Fullmetal Alchemist: The Sacred Star of Milos

Title: Fullmetal Alchemist: The Sacred Star of Milos aka Hagane no Renkinjutsushi: Mirosu no Sei-naru Hoshi
Genre: Action/Drama
Company: BONES
Format: Movie; 110 minutes.
Dates: 2 Jul 2011

Synopsis: The nation of Milos has been annexed by Amestris and its people are forced into a desolate valley as a buffer zone between the two great countries Amestris and Creta. In order to win their independence, the citizens of Milos have fought long and hard in search of incredible alchemic powers told in their legends. Things seem hopeless until an Amestris state alchemist, Edward Elric and his brother Alphonse Elric arrives on the border in search of a fugitive alchemist.

The Highlights
Pacing: Quick, concise and compact.
Story: Well structured with some interesting twists throughout.
Cameos: Literally everyone from the old cast except Ed and Al didn’t need to be here.
Animation: While the animation flows well, the movie simply doesn’t look all that good.

Congratulations Fullmetal Alchemist! You’ve just joined the ranks of Naruto, One Piece and Dragonball Z with your very own shounen action filler movie. Now if you make Bones a lot of money, we can all expect to see the Elric brothers explore the other reaches of their world searching for new forms of alchemy, helping the oppressed locals and making new friends year after year after year.

All backhand remarks aside, Fullmetal Alchemist: The Sacred Star of Milos is a competent though unimpressive summer action flick aimed at fans of the series. As this is a filler movie, the events that occur in the film have no real impact on the franchise characters, and the setting is generic enough that it could have taken place in either the anime original or the manga/Brotherhood universe. Normally the distinct character designs could be used as a tell as to which version of the show is being used, but The Sacred Star of Milos uses its own unique designs and approaches the visuals in a completely different way than either of the two television shows.

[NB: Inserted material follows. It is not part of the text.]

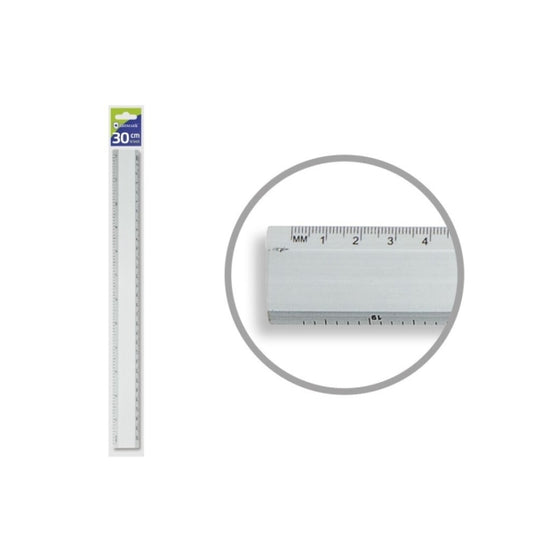 Bismark Regla Milimetrada 30cm - Fabricada en Aluminio - Con Bisel para las Lineas a Tinta - Color Aluminio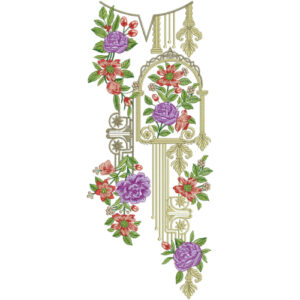 Elegant Floral Arch Neckline Embroidery Design | Designer Kurti Gala Pattern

The first thing that becomes apparent in the film is that the visuals simply aren’t movie quality. The animation flows nicely but characters are often off model and any humans in the midground or background are drawn with noticeably low amounts of detail. Considering that Bones produces some of the best looking television shows in existence, they either used a B-team I didn’t know about or they made a stylistic choice probably as a result of a limited, OVA level budget.

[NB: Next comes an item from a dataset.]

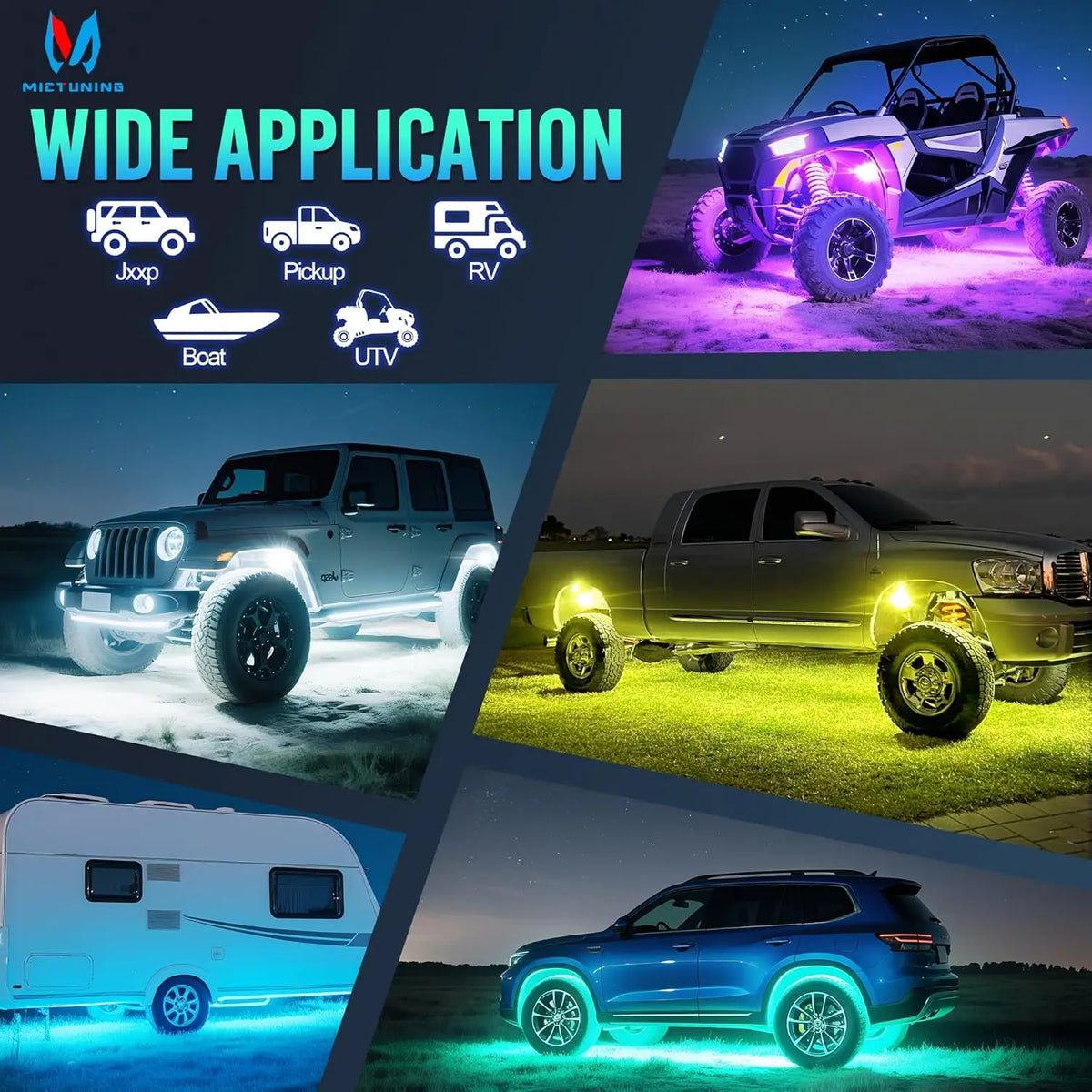 Mictuning 8pods C1 Rgbw Rock Offroad APP Control Underbody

The story is a relentless roller-coaster full of twists and turns that never fails to grab the audience’s attention. The plot constantly ploughs forward, and with the exception of cameo appearances of some old faces, no scene is wasted. Since the story mirrors many of the events already in both of the television shows, there is nothing particularly compelling or interesting the narrative has to say but what it does say is worth reiteration.

Much like the core theme of Naruto is tragic childhoods creating tragic characters in need of saving and Dragonball Z‘s core theme is (probably) killing people, Fullmetal Alchemist‘s core theme is finding the strength to stand on one’s own two legs in the face of a hostile and unfair world. In this case, the hostilities come from Amestris, the Nazi Germany of the Fullmetal Alchemist world. Their annexation of the nation of Milos and the systematic destruction of its people is starting to lead me to believe that the Ishvalan massacre is less of an aberration and more business as usual. It’s a rather bleak topic for a shounen action movie but its part of what gives the franchise its sharp edge.

If you’re a fan of Fullmetal Alchemist and want to spend two more hours with the Elric brothers, The Sacred Star of Milos is a run through of some of the franchise’s key themes and ideas presented like a summer action movie. It isn’t the most impressive movie adaptation around, but its relentless pacing will insure you won’t be bored for even a second.